To do:
The expected output is each line from the one containing "SPYDER 18-21 Chevy" to the last line of the data below, set down exactly, minus the pictures.

Entries shown:
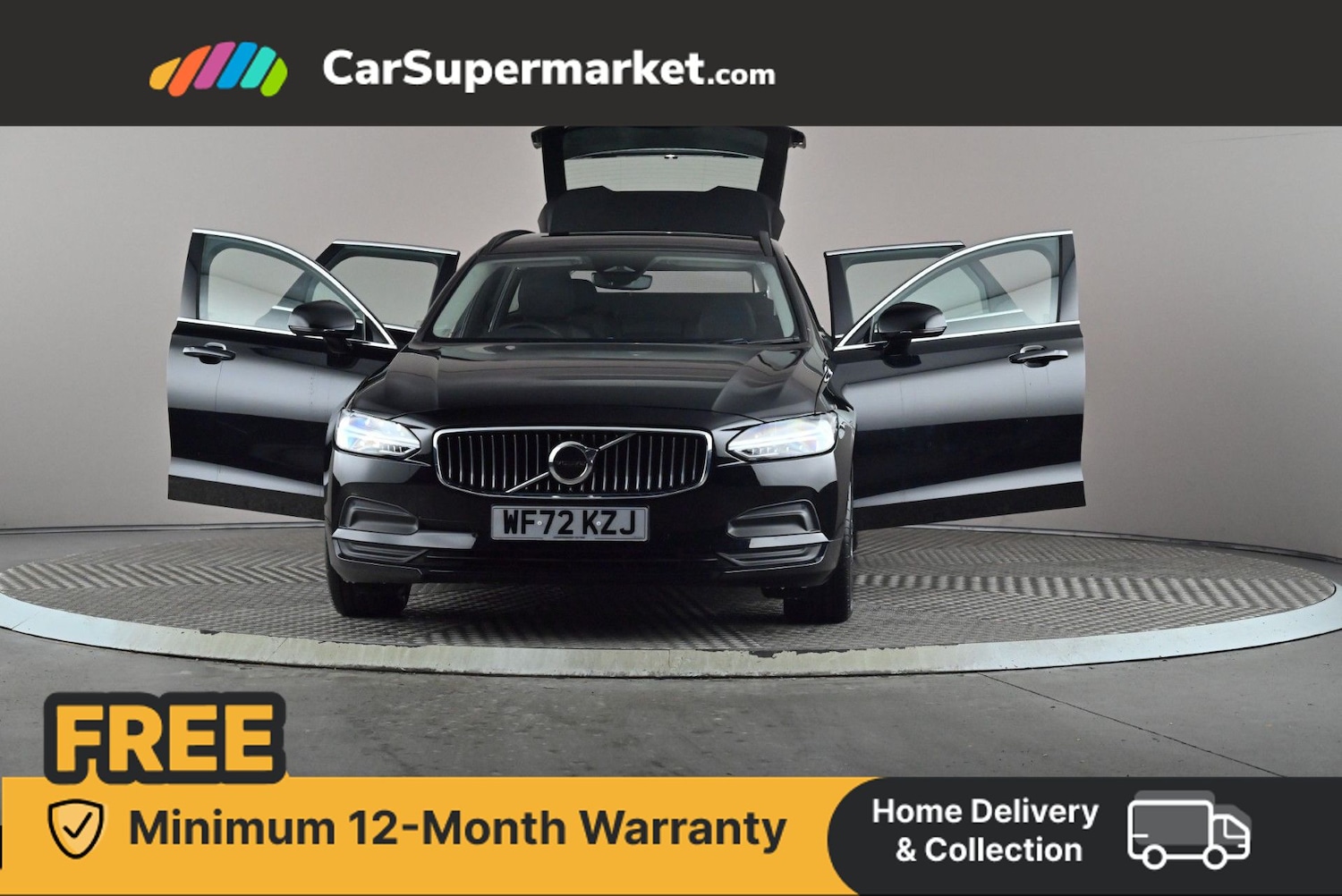 Used Volvo V90 2022 for sale - 76611961: Photo 8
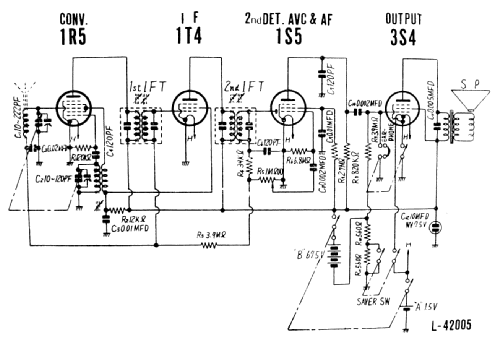 National PL-420B; Panasonic, (ID = 1552181) Radio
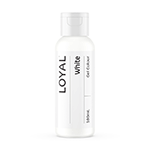 Loyal White Gel Color, 100 ml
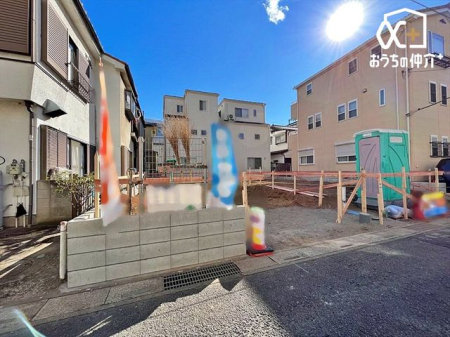 現地外観写真 2025.2.10撮影の現地の様子。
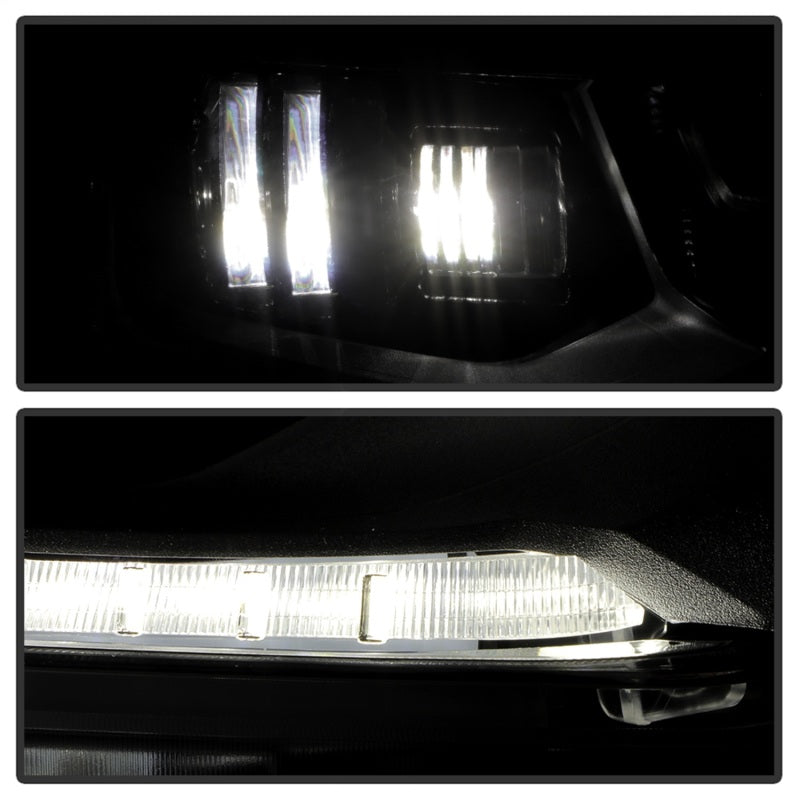 SPYDER 18-21 Chevy Traverse Full LED (Signal / Side Marker Halogen) Headlight - OE Right 9956270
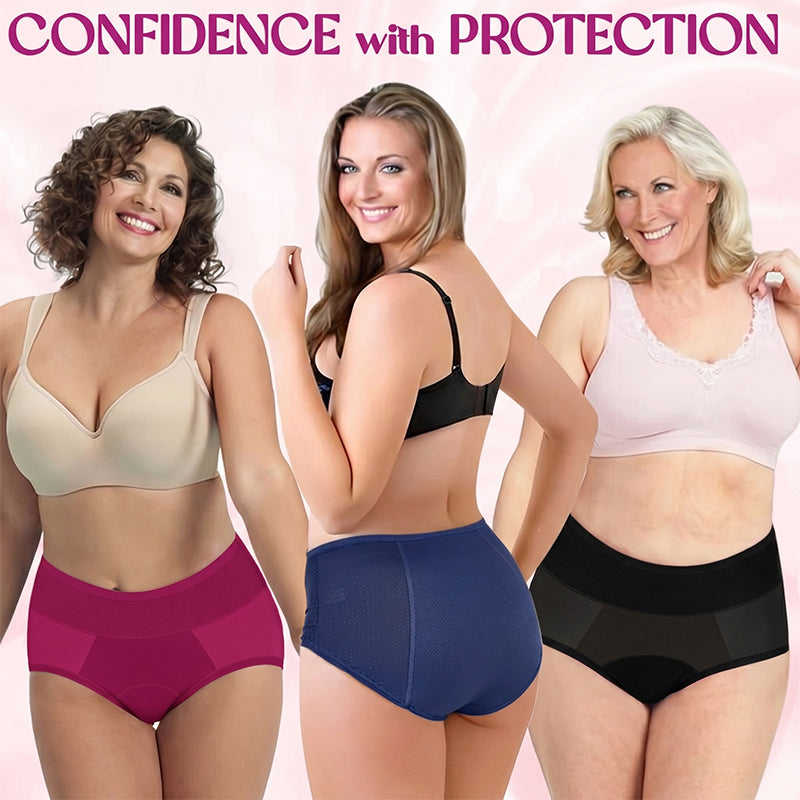 Leak-Proof & Breathable Period Underwear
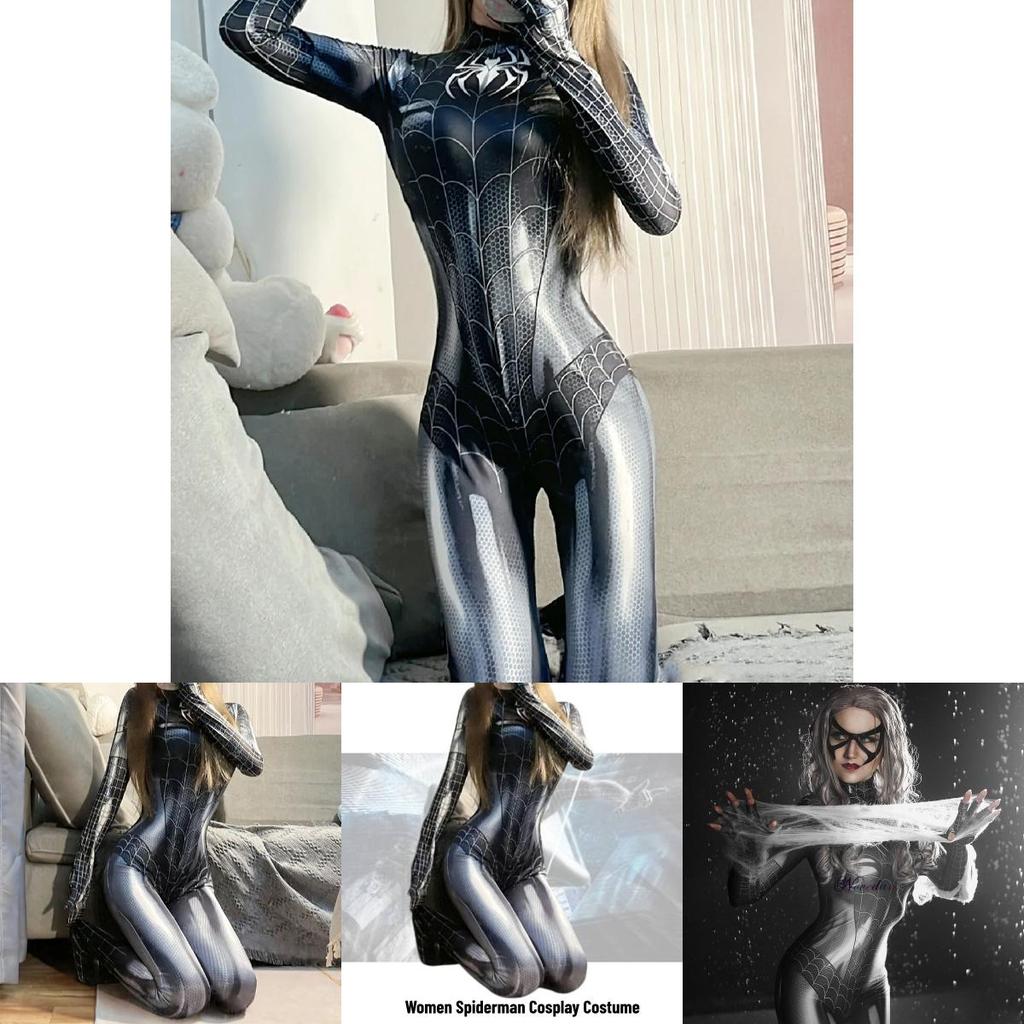Superhero Costume With Hidden Zipper For Cosplay Events And Themed Parties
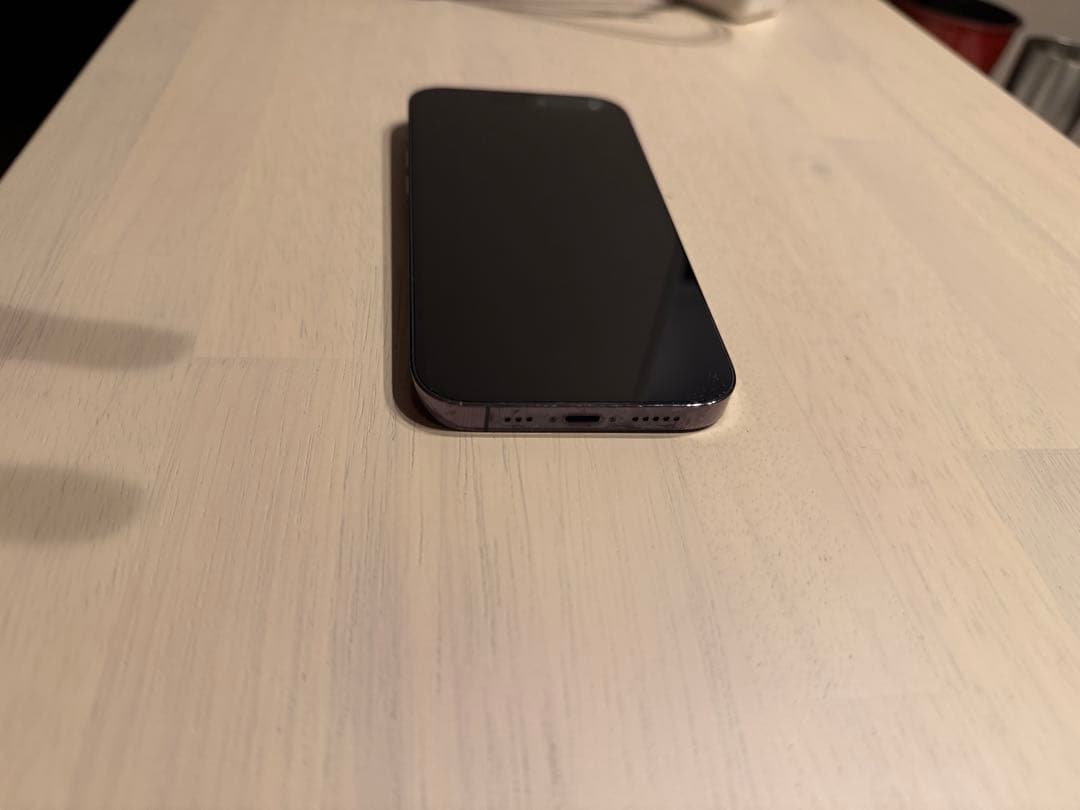 Apple iPhone 14 Pro 256GBディープパープル 本体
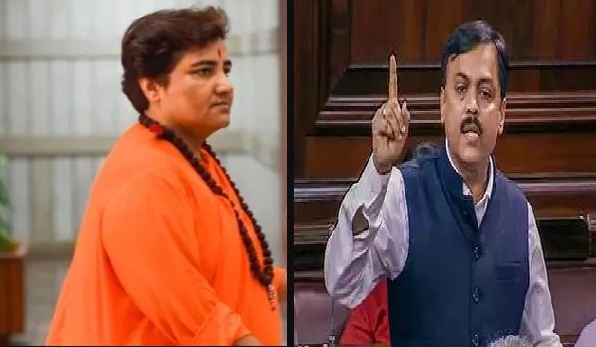 बापू के साथ बीजेपी का भी अपमान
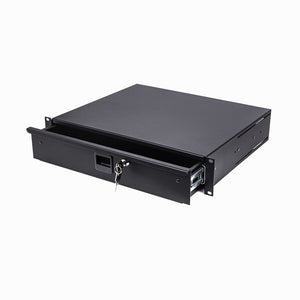 Aluminum Rack Drawer - 14" Deep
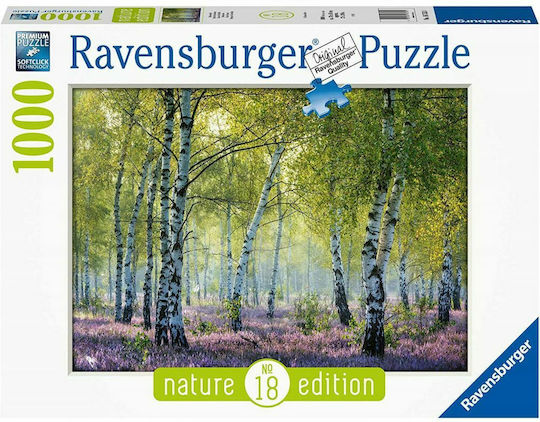 Birch Forest Puzzle 2D 1000 Pieces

Result for this task:
 SPYDER 18-21 Chevy Traverse Full LED (Signal / Side Marker Halogen) Headlight - OE Right 9956270
 Leak-Proof & Breathable Period Underwear
Superhero Costume With Hidden Zipper For Cosplay Events And Themed Parties
 Apple iPhone 14 Pro 256GBディープパープル 本体
 बापू के साथ बीजेपी का भी अपमान
 Aluminum Rack Drawer - 14" Deep
 Birch Forest Puzzle 2D 1000 Pieces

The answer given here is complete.